[Short descriptive text snippets]
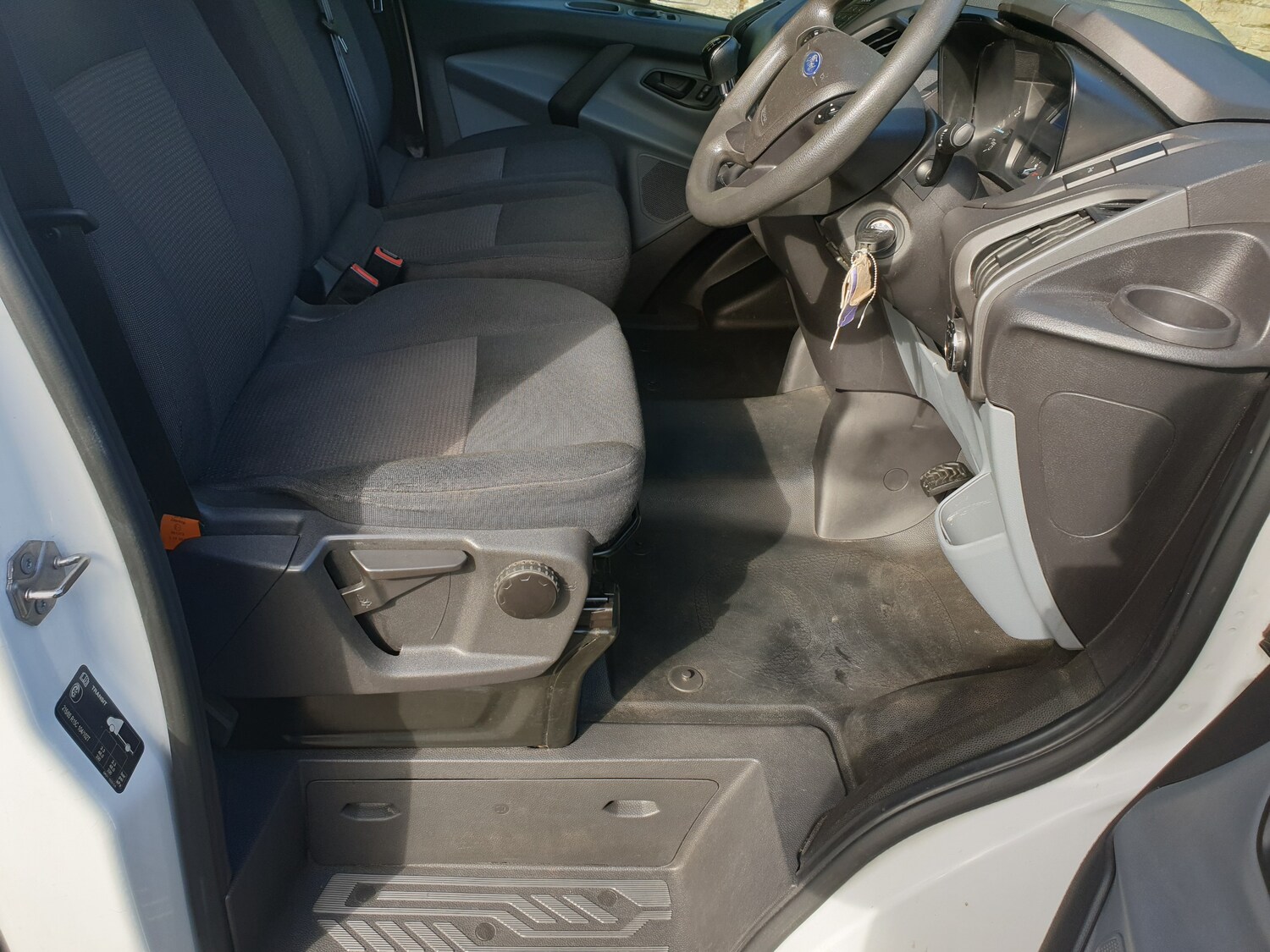 Used Ford Transit Custom 2017 for sale - 77470321: Photo 6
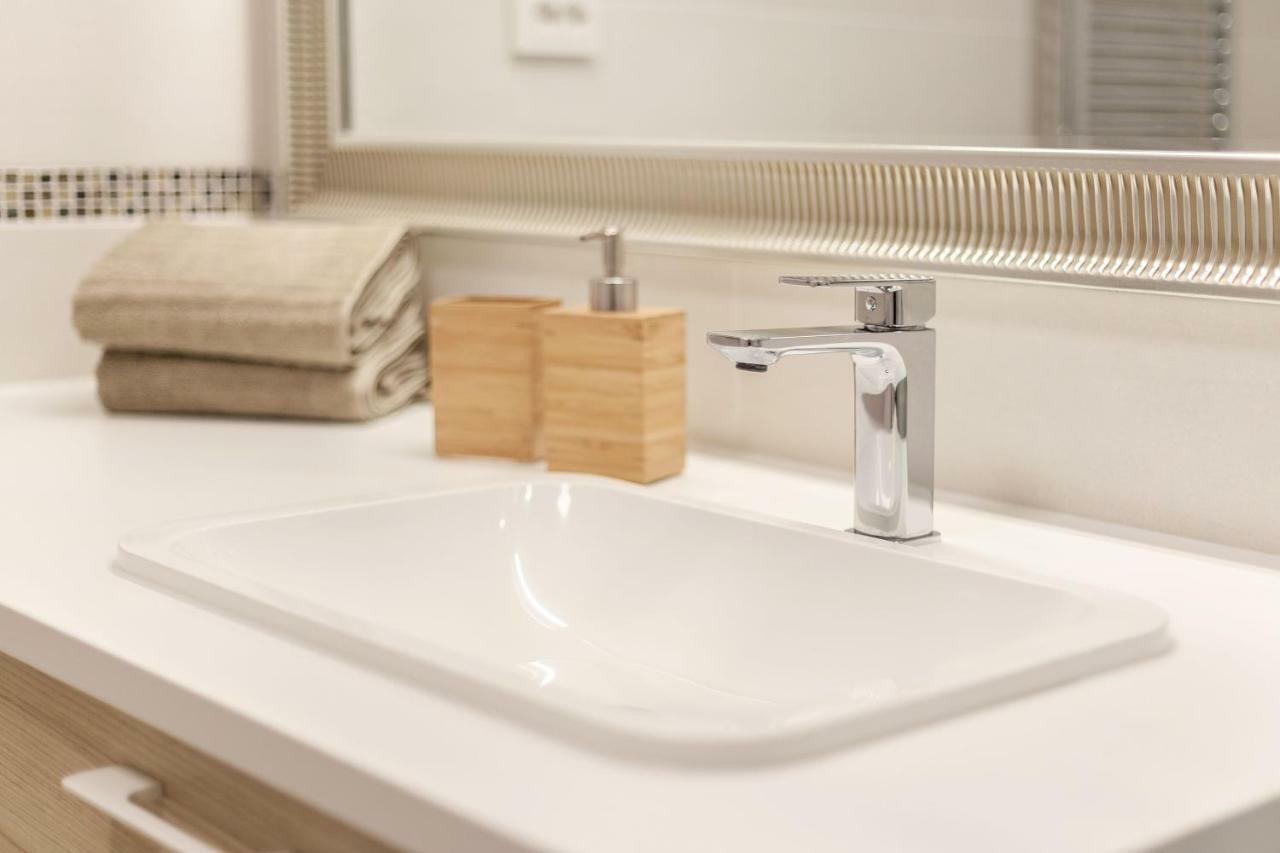 Luxury For Everyone - Hills Park Lux Apartments 1 Вильнюс Экстерьер фото
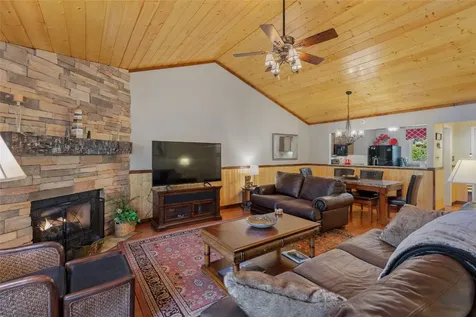 23 Dwarf Mountain Road Sapphire NC 28774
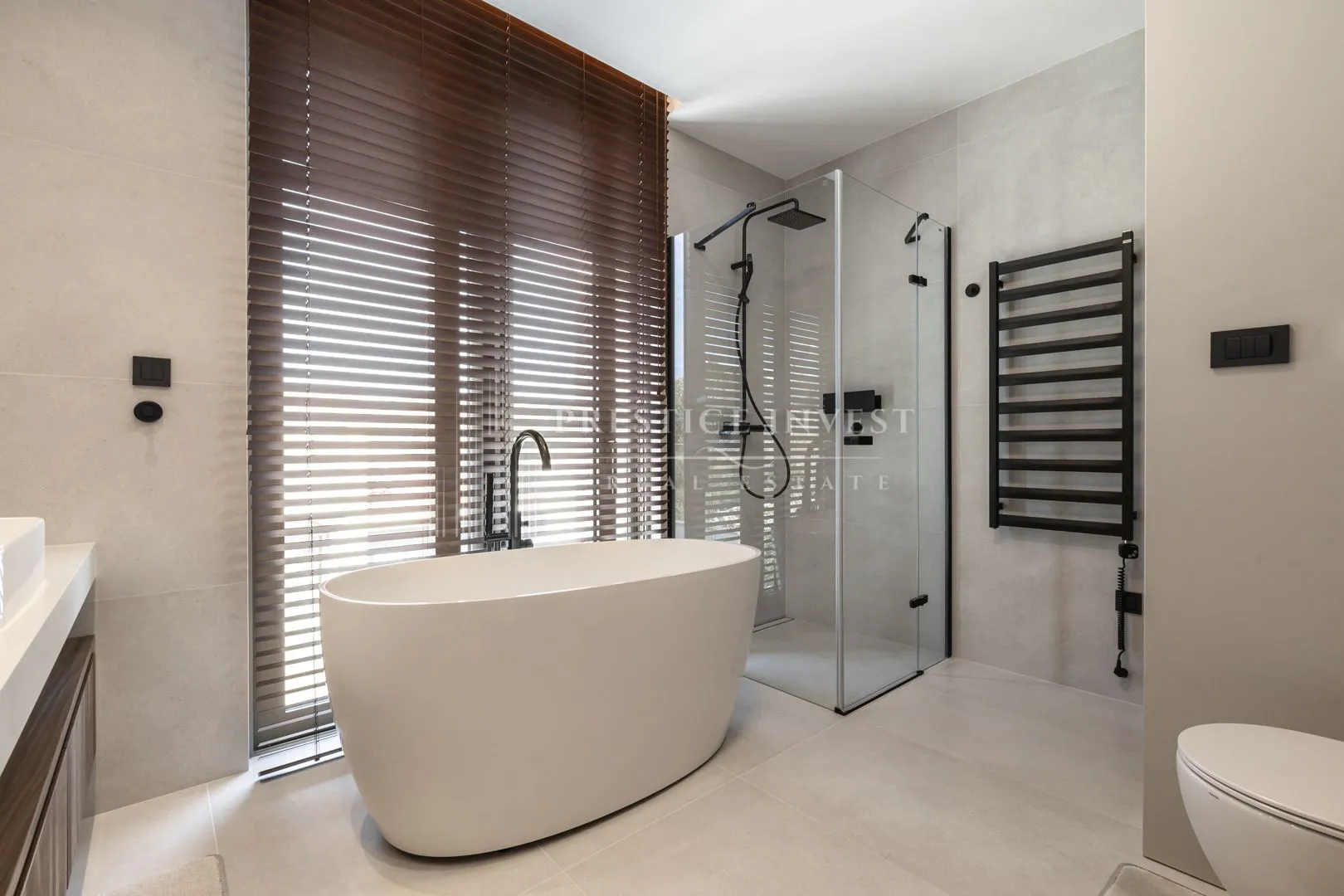 rogoznica- centar- luksuzan namješten penthouse - slika 36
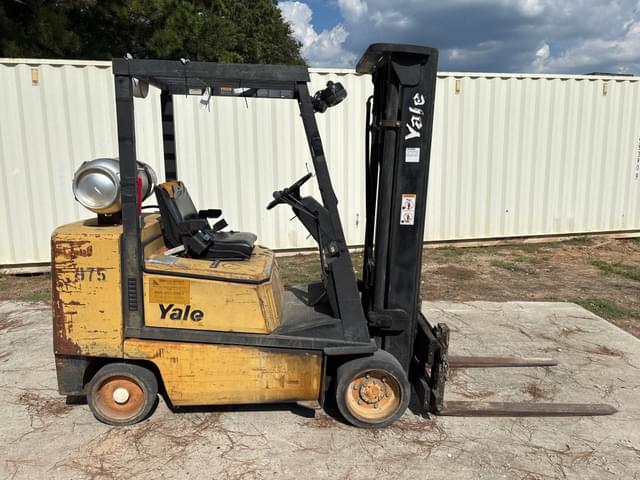 Image of Yale GLC05DENUAE083 equipment image 3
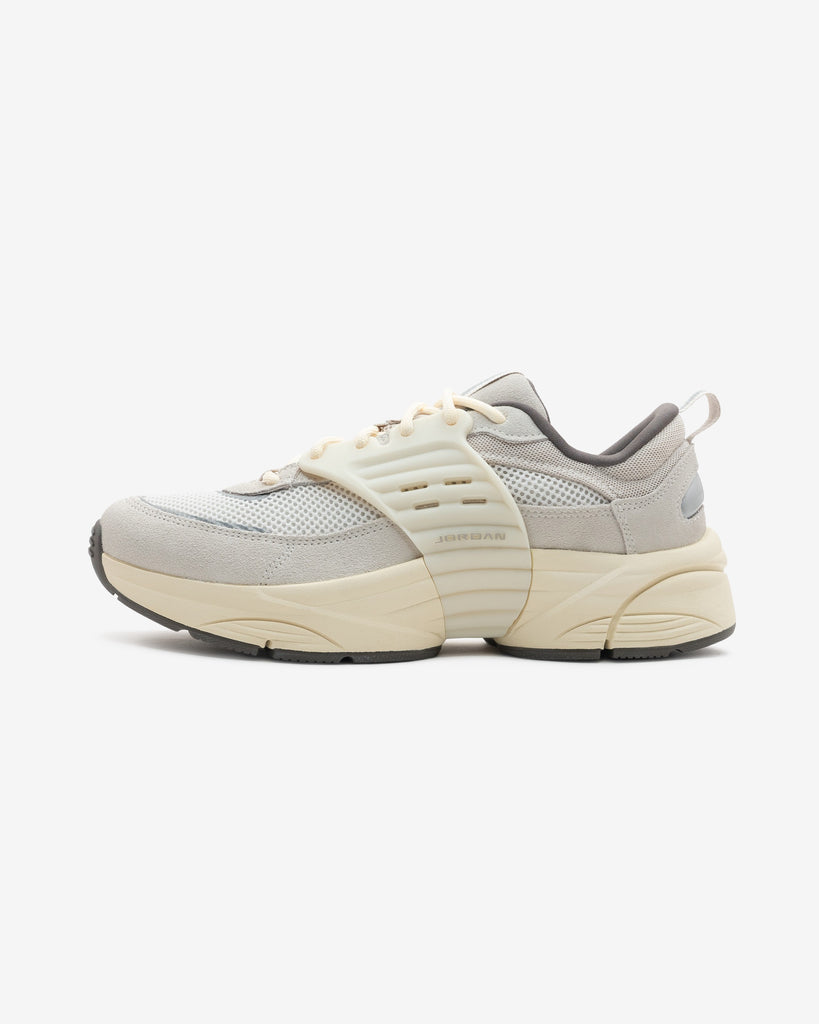JORDAN TRUNNER O/S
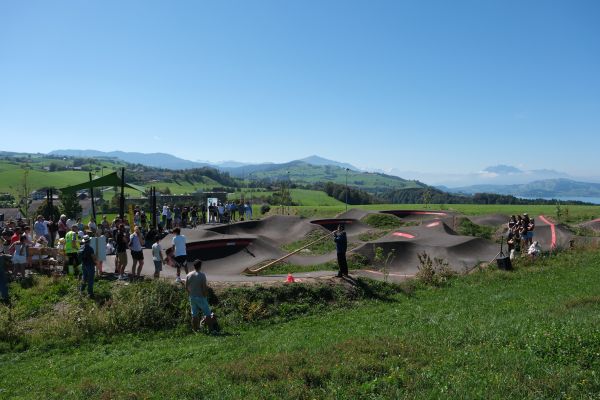 Eröffnungsfeier Pumptrack Neuheim – Bild 20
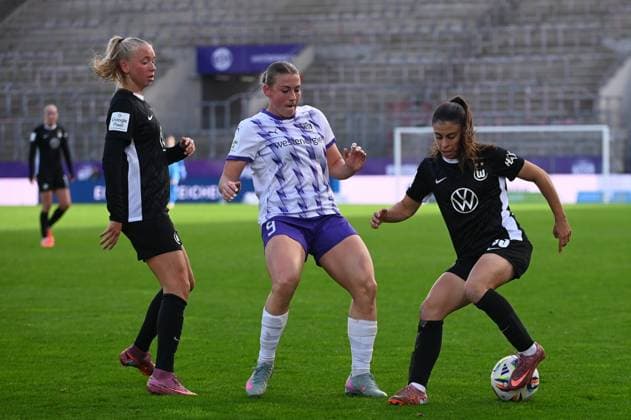 Judit Pujols Ramona Maier google pixel women Bundesliga SGS Essen Vfl Wolfsburg 04 10 2025 Judit Pujols VfL Wolfsburg vs Ramona Maier SGS Essen google pixel women Bundesliga, 05 Matchday, SGS Essen vs VfL Wolfsburg on October 04, 2025 at Stadion an der Hafenstraße, Essen Final Score 0 8 in front of 2 023 spectators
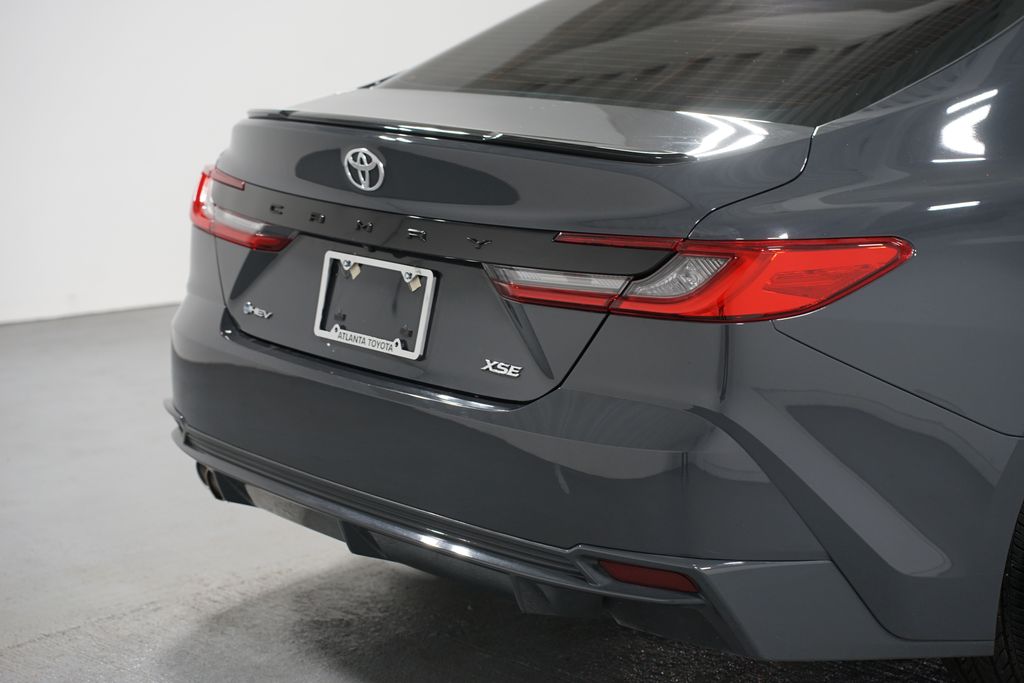 Thumbnail: 2025 Toyota Camry - 9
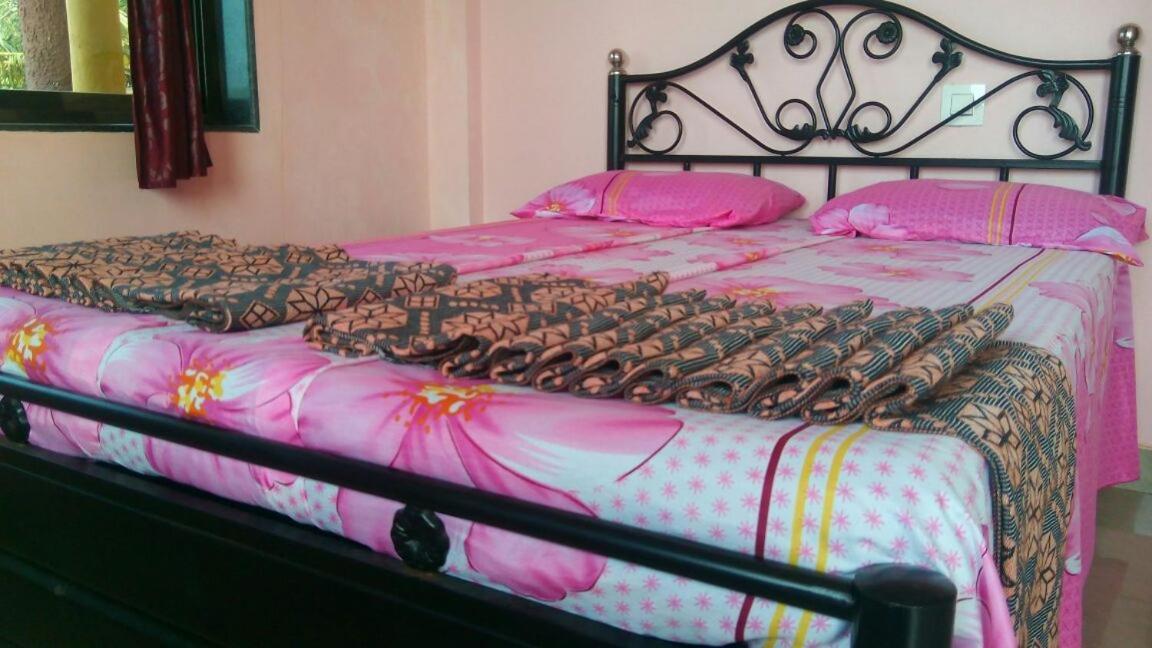 Saguntara Beach Homestay Vengurla Ngoại thất bức ảnh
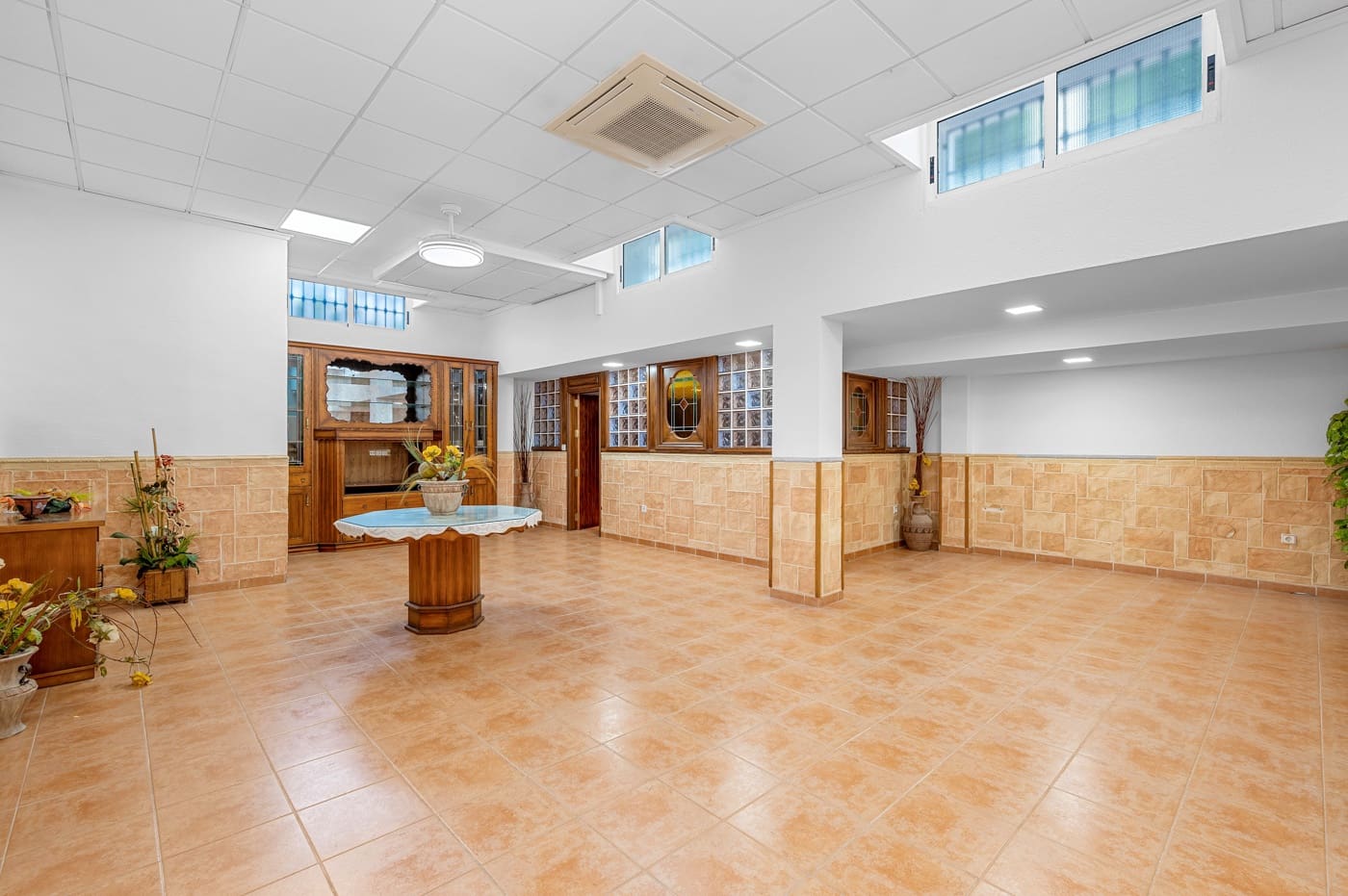 4 sypialnia Willa na sprzedaż w Torrevieja z garażem - 960 000 € (Ref: 9511519)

- **WHAT TO DO**
Omit the pictures. Write out exactly the lines from the one containing "23 Dwarf Mountain Road Sapphire NC 28774" through the last line of the entries, both of them included.

- **RESPONSE AREA**
 23 Dwarf Mountain Road Sapphire NC 28774
 rogoznica- centar- luksuzan namješten penthouse - slika 36
 Image of Yale GLC05DENUAE083 equipment image 3
JORDAN TRUNNER O/S
 Eröffnungsfeier Pumptrack Neuheim – Bild 20
 Judit Pujols Ramona Maier google pixel women Bundesliga SGS Essen Vfl Wolfsburg 04 10 2025 Judit Pujols VfL Wolfsburg vs Ramona Maier SGS Essen google pixel women Bundesliga, 05 Matchday, SGS Essen vs VfL Wolfsburg on October 04, 2025 at Stadion an der Hafenstraße, Essen Final Score 0 8 in front of 2 023 spectators
 Thumbnail: 2025 Toyota Camry - 9
 Saguntara Beach Homestay Vengurla Ngoại thất bức ảnh
 4 sypialnia Willa na sprzedaż w Torrevieja z garażem - 960 000 € (Ref: 9511519)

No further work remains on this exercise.